Luttes de pouvoir sur fond de guerre froide
Le monde est en pleine guerre froide et l’Algérie, indépendante depuis 1962, se profile sur la scène internationale comme le soutien par excellence des mouvements de libération et de décolonisation en Afrique. Se définissant elle-même comme « une des citadelles des hommes libres, des révolutionnaires et des militants africains pour la liberté et l’affranchissement des chaines du colonialisme », elle agit avec le conseil actif des services soviétiques qui forment également les cadres du régime algérien. En 1973, des nationalistes sahraouis en exil, inspirés par les courants anticolonialistes de l’époque, créent le mouvement de Libération du Sahara, le futur Front Polisario qui déclenche une lutte armée contre les colonisateurs espagnols. En février 1976, les Sahraouis proclament officiellement la formation d’un gouvernement en exil de la République arabe sahraouie démocratique. Pour Alger, rien de mieux que quelques illuminés, endoctrinés pour créer des tensions par l’intermédiaire d’un Front de libération, plantant ainsi une belle épine dans le pied du Royaume du Maroc. La guérilla sahraouie continuera avec de l’armement soviétique fourni initialement par l’Algérie, Cuba et la Lybie, matériel qui représente encore aujourd’hui la base de son armement. Sous pression des actions du Front Polisario, après un coup d’État, la Mauritanie renonce en août 1979 à ses prétentions sur le Sahara et l’ensemble est occupé par le Maroc qui en assure la gestion administrative.
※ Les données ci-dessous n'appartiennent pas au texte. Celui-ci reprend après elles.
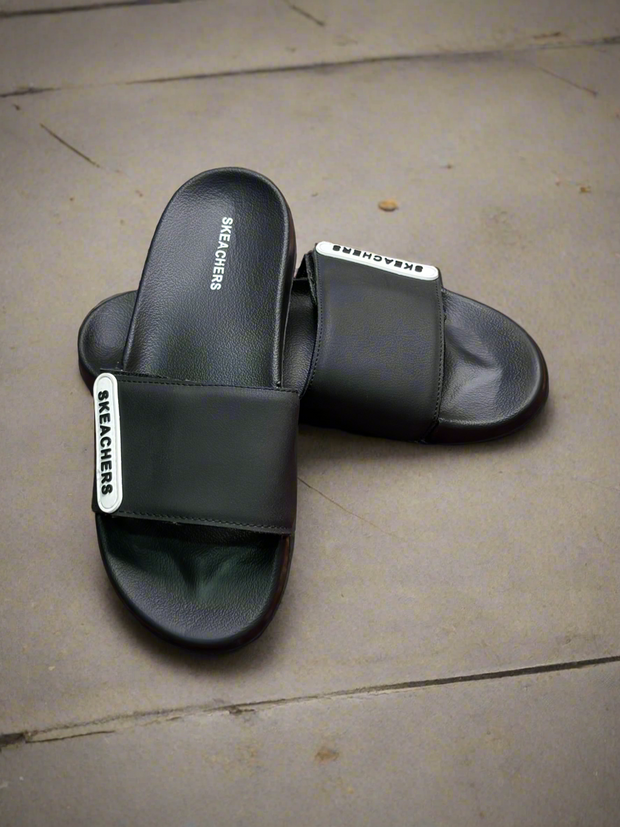 Skeachers Black SLIPPER’S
L’ONU négocie un cessez-le-feu en septembre 1991 : selon les jurisconsultes et la doctrine traditionnelle de l’ONU, le Sahara occidental est aujourd’hui un « territoire non autonome » et ne pourra être souverain qu’après la tenue d’un referendum. Afin de bloquer les incursions du Front Polisario, le Maroc construira entre 1980 et 1987 un mur de 2720 km au Sahara. Il bénéficiera de l’aide de techniciens français, d’experts israéliens pour les systèmes électroniques de surveillance et de fonds d’Arabie saoudite. Cela permettra de sécuriser l’exploitation de certaines richesses comme le phosphate, ce que le Polisario considère comme du pillage illégal.
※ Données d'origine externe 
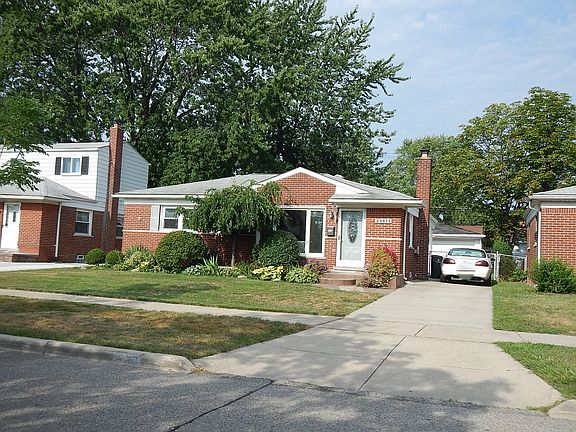 3rd image of 24613 Harmon St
Le refus d’une autonomie limitée
En 2007 le Maroc proposera une autonomie limitée avec un gouvernement décentralisé du Sahara doté de pouvoirs fiscaux et budgétaires. Les relations extérieures, la sécurité et la Défense resteront marocaines au grand déplaisir d’Alger, ce qui entraine un refus catégorique de la part du Polisario qui préfèrera plutôt que des dizaines de milliers de ses « nationaux » croupissent dans des camps dans le désert algérien. La situation n’évolue guère jusqu’en 2020 où l’administration Trump reconnait la souveraineté du Maroc sur ces territoires en contrepartie d’une reconnaissance officielle par Rabat de l’État d’Israël. La position de l’administration Biden demeure inchangée depuis lors.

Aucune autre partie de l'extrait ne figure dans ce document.